**GIVEN MATERIAL**
________________________________________
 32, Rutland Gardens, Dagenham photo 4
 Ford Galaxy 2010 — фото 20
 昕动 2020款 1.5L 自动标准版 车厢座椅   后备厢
________________________________________
The full listing must be copied exactly, every line included.

 32, Rutland Gardens, Dagenham photo 4
 Ford Galaxy 2010 — фото 20
 昕动 2020款 1.5L 自动标准版 车厢座椅   后备厢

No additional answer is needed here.